The messages went back as far as 2008, and listening to them has given me quite a lot to write about, but for this post I’ll stick to the ones that were left in response to two pieces of my writing.

Message #1:

“Hello Teresa, this is Rollie Campbell. I’m a relative of yours. I read your bit in the Telluride Newspaper and I have to say—way. to. go. Some of those things should have been said a long time ago. And here’s my number if you want to talk.”

This message, along with four email messages from strangers, were waiting for me at work on the Monday after Father’s Day, 2008. I had written a piece for the High Country News about my father’s memorial service held on a hillside near Wilson Mesa, just outside of Telluride Colorado. I wrote honestly about how I’d been hurt by the service being turned into a sermon. Instead of memorializing my father, the person holding the service felt compelled to preach about hell, and how those of us in attendance who weren’t saved would most certainly go there.

It was the first piece of my writing that had ever been published. It was personal and it was pointed and it was syndicated in newspapers around the West. Hundreds of people read the column in their Sunday newspapers. It was terrifying.
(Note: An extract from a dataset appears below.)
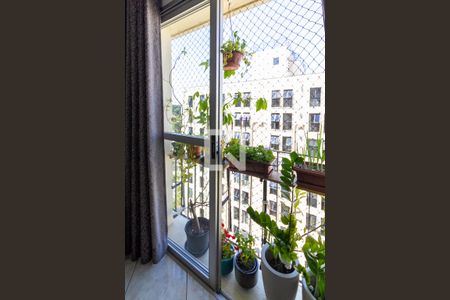 Sala de Estar de apartamento à venda com 3 quartos, 92m² em Jardim Marajoara, São Paulo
Now I can look at that essay as a turning point in my writing life. It was the beginning of me digging a little deeper, going closer to the core of what I care about most.

I called Rollie Campbell—this distant relative of mine who was in his 80s at the time. He lived on Wilson Mesa when he was a boy. He knew my dad and my aunts and uncles when they were young. We talked for about an hour. He told me stories and answered questions. After speaking with him, I knew a bit more about life on Wilson Mesa in the 1920s and 1930s. I had a few stories to put with the names of the people who came before me.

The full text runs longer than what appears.